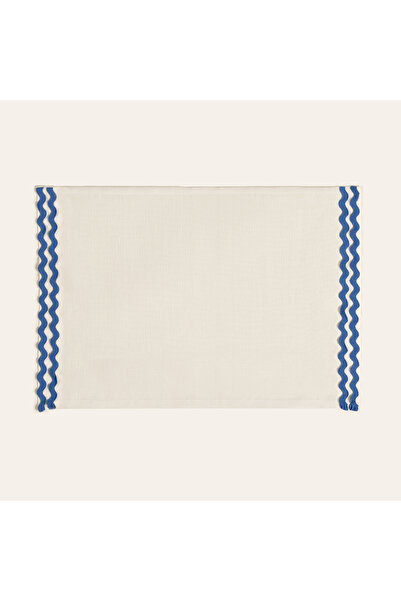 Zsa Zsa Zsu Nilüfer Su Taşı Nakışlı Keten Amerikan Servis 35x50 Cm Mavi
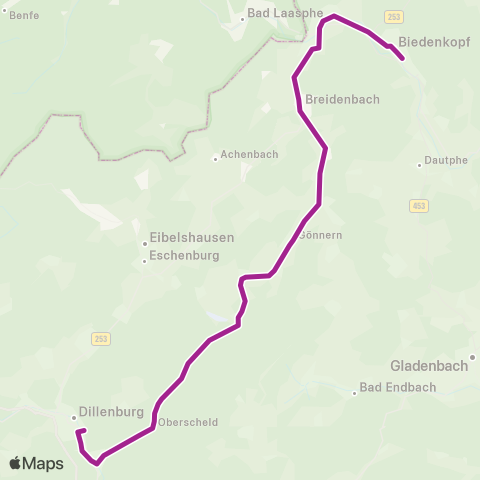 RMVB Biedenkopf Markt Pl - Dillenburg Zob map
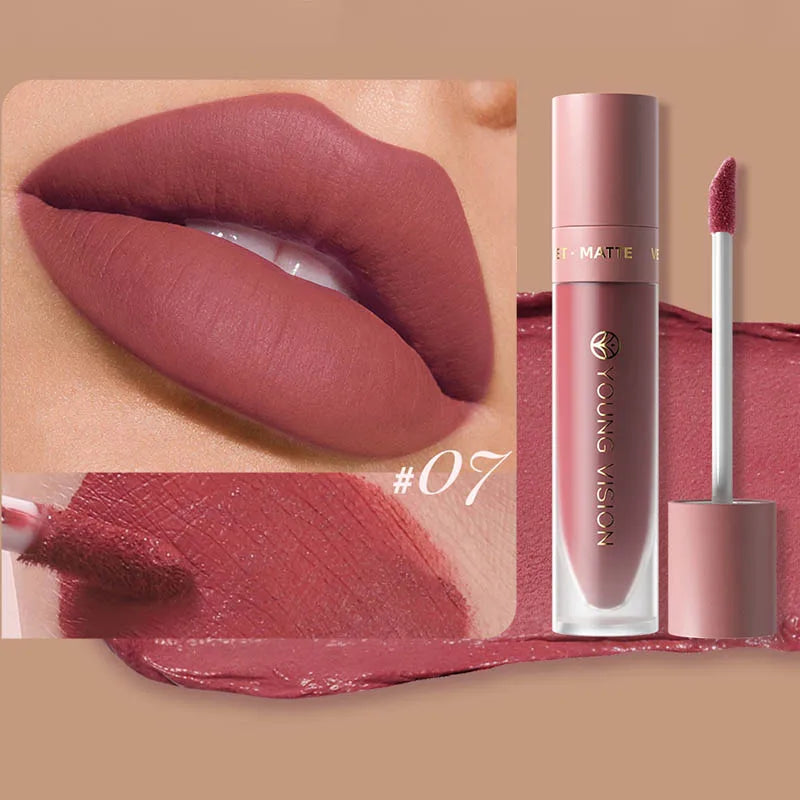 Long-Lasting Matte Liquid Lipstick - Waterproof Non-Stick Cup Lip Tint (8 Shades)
::::
**Task to carry out:** Find the line containing "RMVB Biedenkopf Markt" in the listing above. Please restate word for word that line through the last one, leaving out the pictures.

**Answer section:**
 RMVB Biedenkopf Markt Pl - Dillenburg Zob map
 Long-Lasting Matte Liquid Lipstick - Waterproof Non-Stick Cup Lip Tint (8 Shades)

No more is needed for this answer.